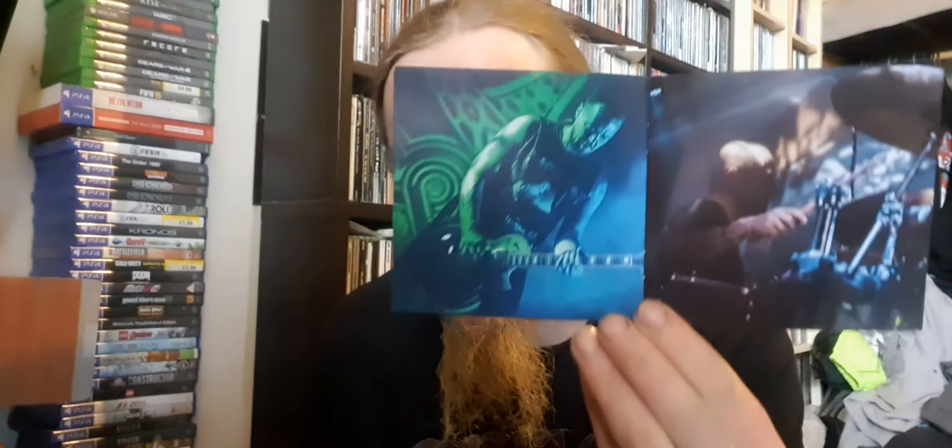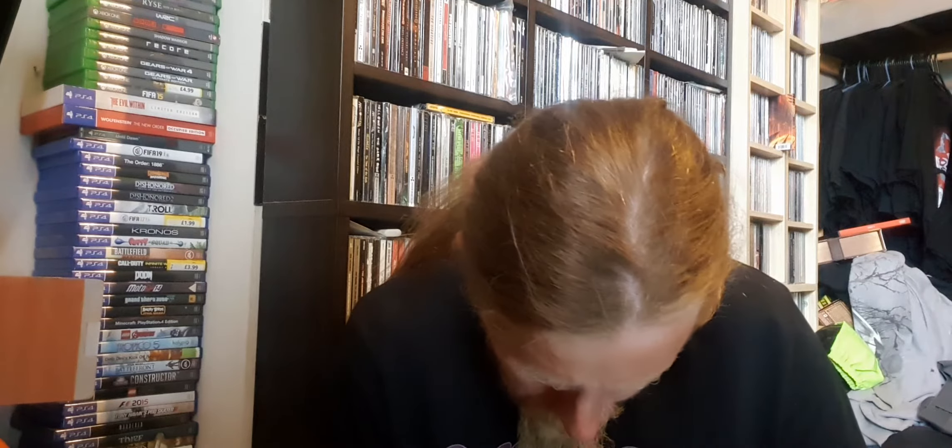There's another picture — band, band members, some more photos, which is cool. The back is just the credits, which is cool. So yeah, this is Amorphis live at the Helsinki Ice Hall — Helsinki, I believe that's Finland, correct me if I'm wrong because my geography is rubbish.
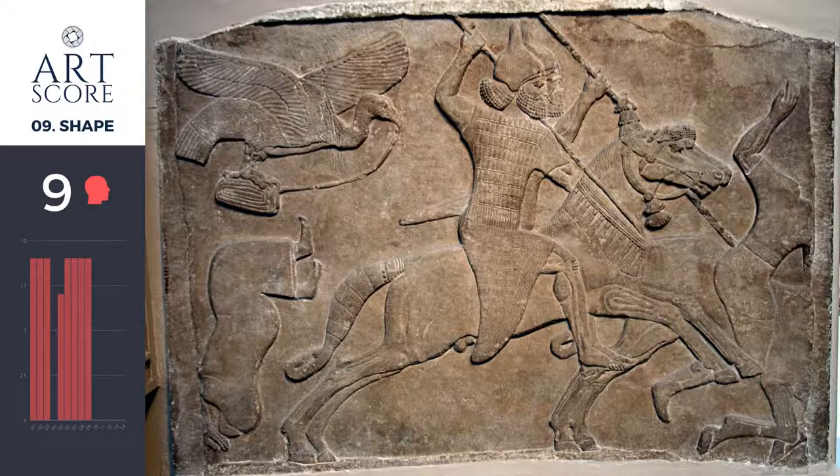Shape gets a 9 as well. In this case, the care of the shapes is pretty straightforward. There is no background per se, so each element has its own unique identity and integrity. For example, the people, the animals, and the weapons are all separated from the background.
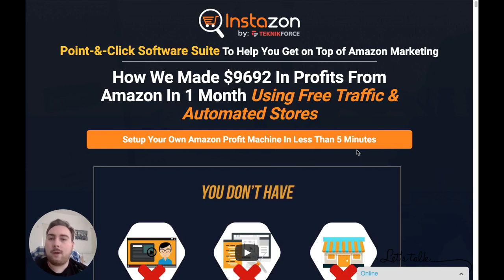It's a suite of software that's going to help you to get on top of Amazon marketing. There are over 2 million people making money from Amazon, and you can make money in two ways. Way number one is to actually sell a product on Amazon. Option number two is to make money as an affiliate and promote other people's products — when people buy those products, you receive a commission. You can do both to maximize your profits.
########
**Action item:**
Please copy out each line above exactly as written, but not the pictures.

**Result of the task:**
There's another picture — band, band members, some more photos, which is cool. The back is just the credits, which is cool. So yeah, this is Amorphis live at the Helsinki Ice Hall — Helsinki, I believe that's Finland, correct me if I'm wrong because my geography is rubbish.
Shape gets a 9 as well. In this case, the care of the shapes is pretty straightforward. There is no background per se, so each element has its own unique identity and integrity. For example, the people, the animals, and the weapons are all separated from the background.
It's a suite of software that's going to help you to get on top of Amazon marketing. There are over 2 million people making money from Amazon, and you can make money in two ways. Way number one is to actually sell a product on Amazon. Option number two is to make money as an affiliate and promote other people's products — when people buy those products, you receive a commission. You can do both to maximize your profits.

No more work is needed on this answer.